▶ [Aim of the exercise]: Print out every line of the material exactly. Include no pictures.

▶ [The data]:
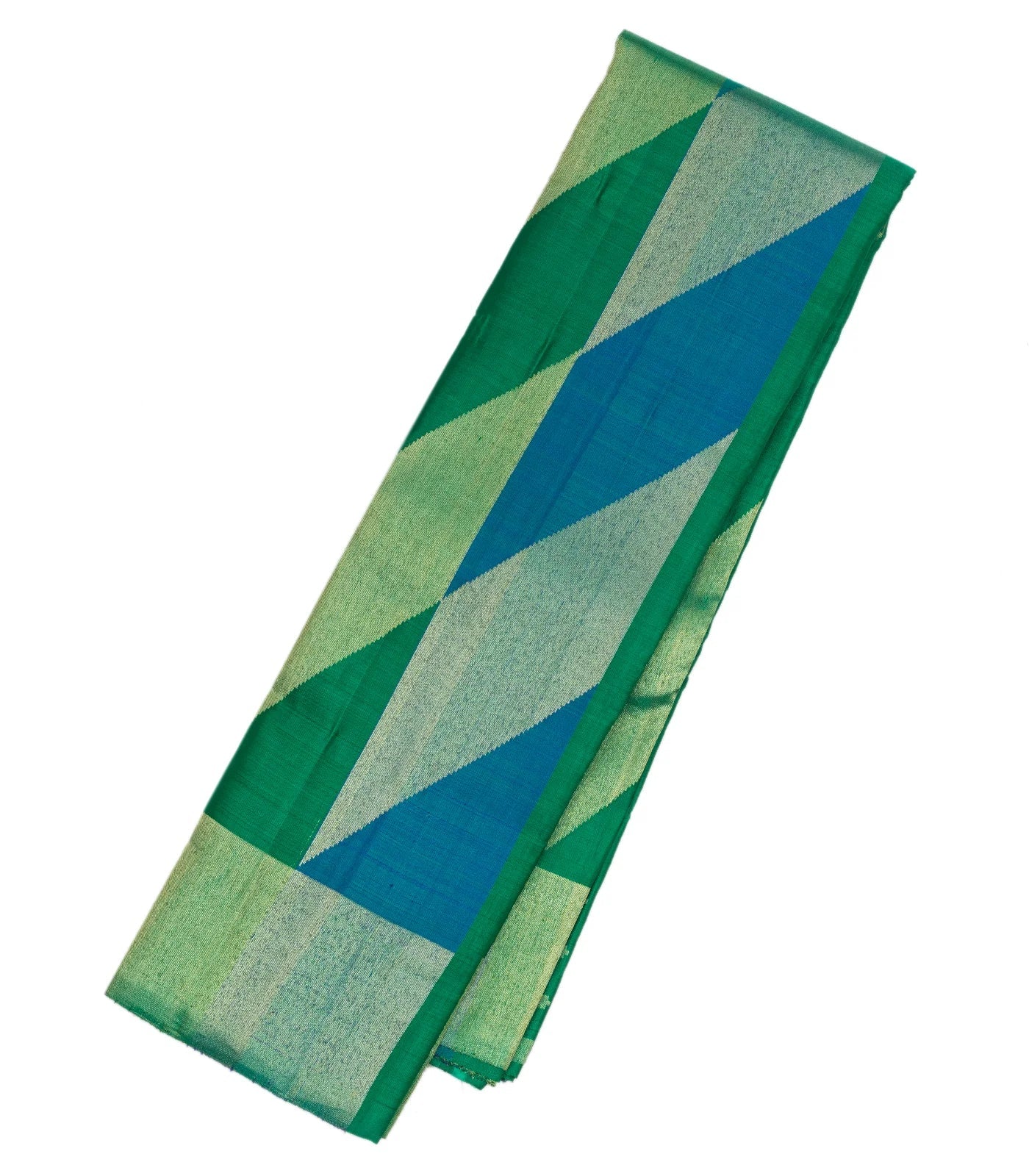 Sea Green Handloom Kanchipuram Silk Saree With Triangle Motifs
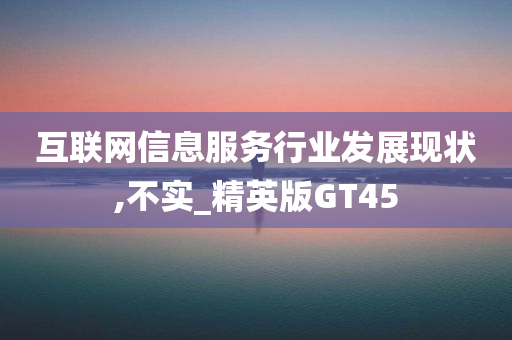 互联网信息服务行业发展现状,不实_精英版GT45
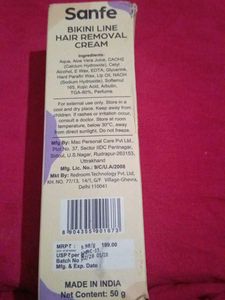 sanfe bikni line hair removal cream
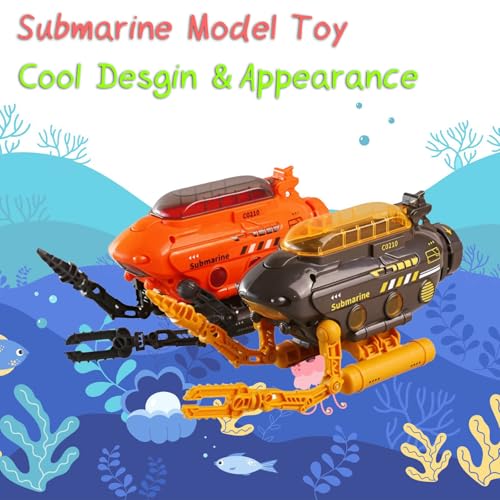 Rinnland Orange Submarine Toy with Robotic Arms, Adjustable Base & Openable Cabin for Kids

▶ [Response]:
 Sea Green Handloom Kanchipuram Silk Saree With Triangle Motifs
 互联网信息服务行业发展现状,不实_精英版GT45
 sanfe bikni line hair removal cream
 Rinnland Orange Submarine Toy with Robotic Arms, Adjustable Base & Openable Cabin for Kids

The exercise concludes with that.